On 30 June, our group travelled just outside Bristol to the National Trust’s Dyrham Park, a baroque country house set in an ancient deer park which welcomes more than 250,000 visitors a year. Dyrham was once the home of William Blathwayt, a leading seventeenth century colonial official and a key figure in Britain’s imperial expansion. Its connections to Britain’s Atlantic slave economy are still coming to light.

We spent the morning with the house team, learning about the National Trust’s model for opening and interpreting historic houses. We discussed who visits sites like Dyrham Park, what they seek, and how volunteers and members shape the life of a place.

Over lunch, conversations turned to how histories of enslavement and empire can be meaningfully addressed at sites that did not host plantations or large enslaved workforces themselves, but whose owners and wealth were deeply entangled with enslavement. William Blathwayt did not directly invest in slave ships or own plantations, and he never set foot in the Americas during his lifetime.

But his work as a powerful colonial administrator – overseeing plantation revenues, regulating trade, and shaping imperial policy – helped build and maintain the systems that enabled Britain’s Atlantic slave economy to flourish.

The wealth and status behind houses like Dyrham Park were deeply bound up in these structures, even when enslaved labour remained out of sight.

A vivid view of Barbados

A highlight of our visit was seeing a remarkable new addition to the National Trust’s collection at Dyrham – a panoramic painting of the port of Bridgetown, thought to be one of the earliest painted depictions of Barbados.

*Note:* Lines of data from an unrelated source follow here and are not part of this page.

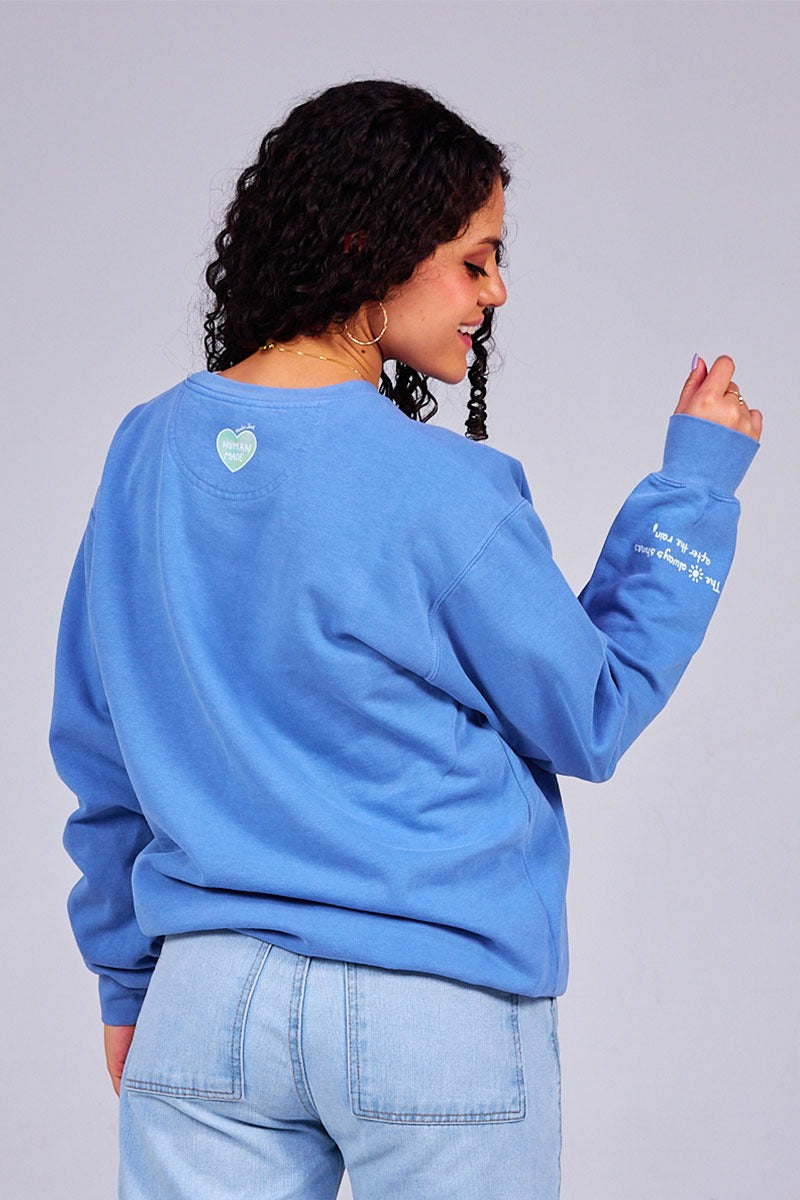 Buzo Nube Blue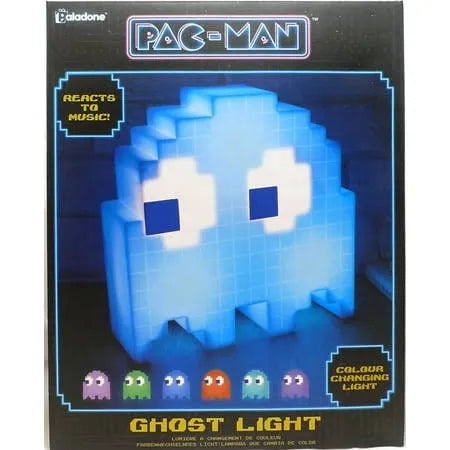 Paladone Pac-Man Ghost Light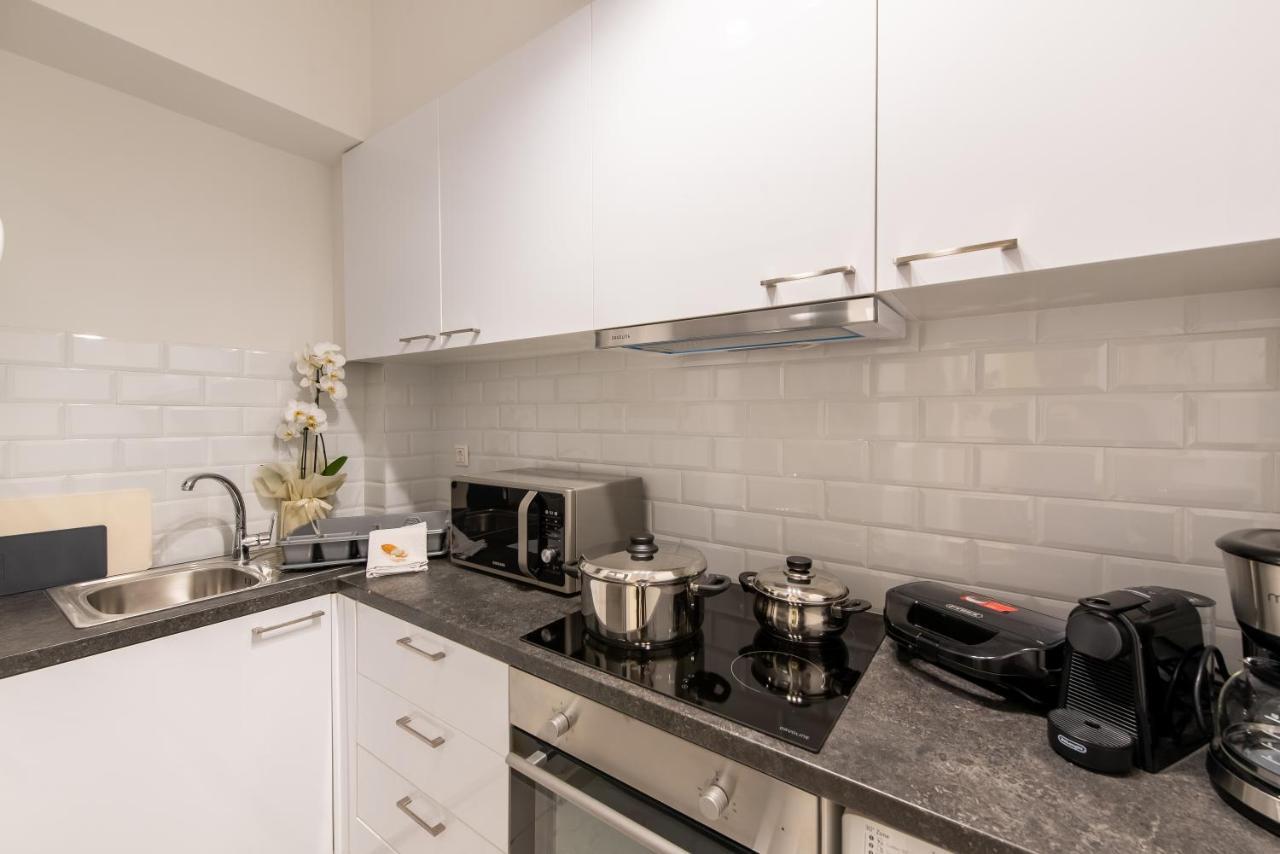 Medluxe Comfort Apartment Ateny Zewnętrze zdjęcie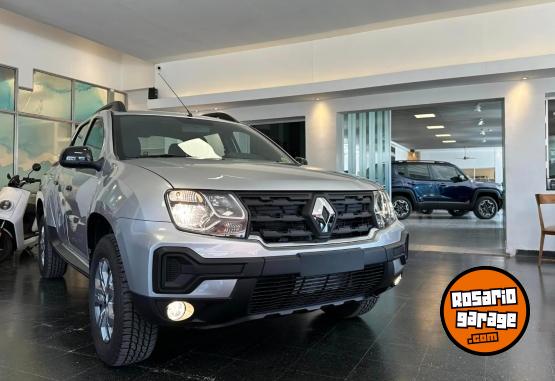 Camionetas - Renault OROCH 1.6 SEc M/T EMOTION 2024 Nafta 0Km - En Venta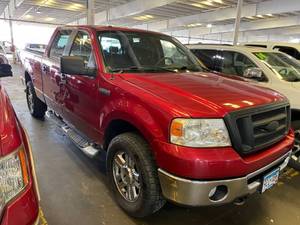 2008 Ford F-150 XLT Crew 4x4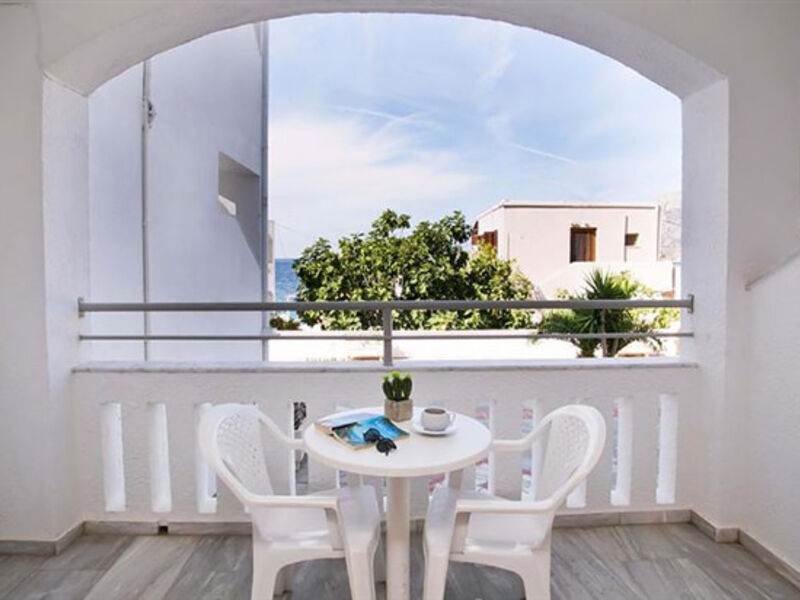 Apartmánový Dům Kalypso - Kalymnos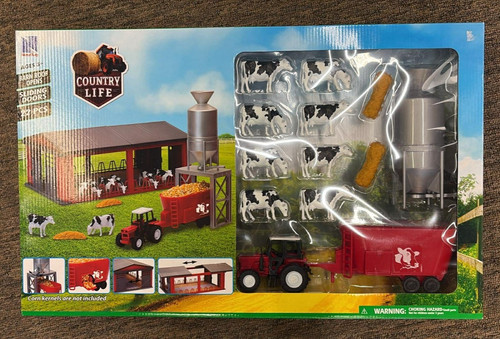 Country life new ray die - die, cast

The painting once belonged to William Blathwayt and had left the house with the last Blathwayt to own Dyrham Park. It was recently acquired by the National Trust and painstakingly conserved at Knole’s Royal Oak Foundation Conservation Studio, returning to Dyrham just weeks before our visit. Almost 500 hours of technical analysis and conservation work have contributed to the understanding of the city, harbour, and landscape presented.

The painting is vivid evidence of Barbados’s centrality as Britain’s wealthiest Caribbean colony in the seventeenth century, but starkly absent are the enslaved Africans whose labour sustained this prosperity.

the interior of a painting conservation studio with a large canvas on an easel undergoing cleaning, with one female conservator seated with her back to the camera. Alongside her is a trolley of technical conservation tools.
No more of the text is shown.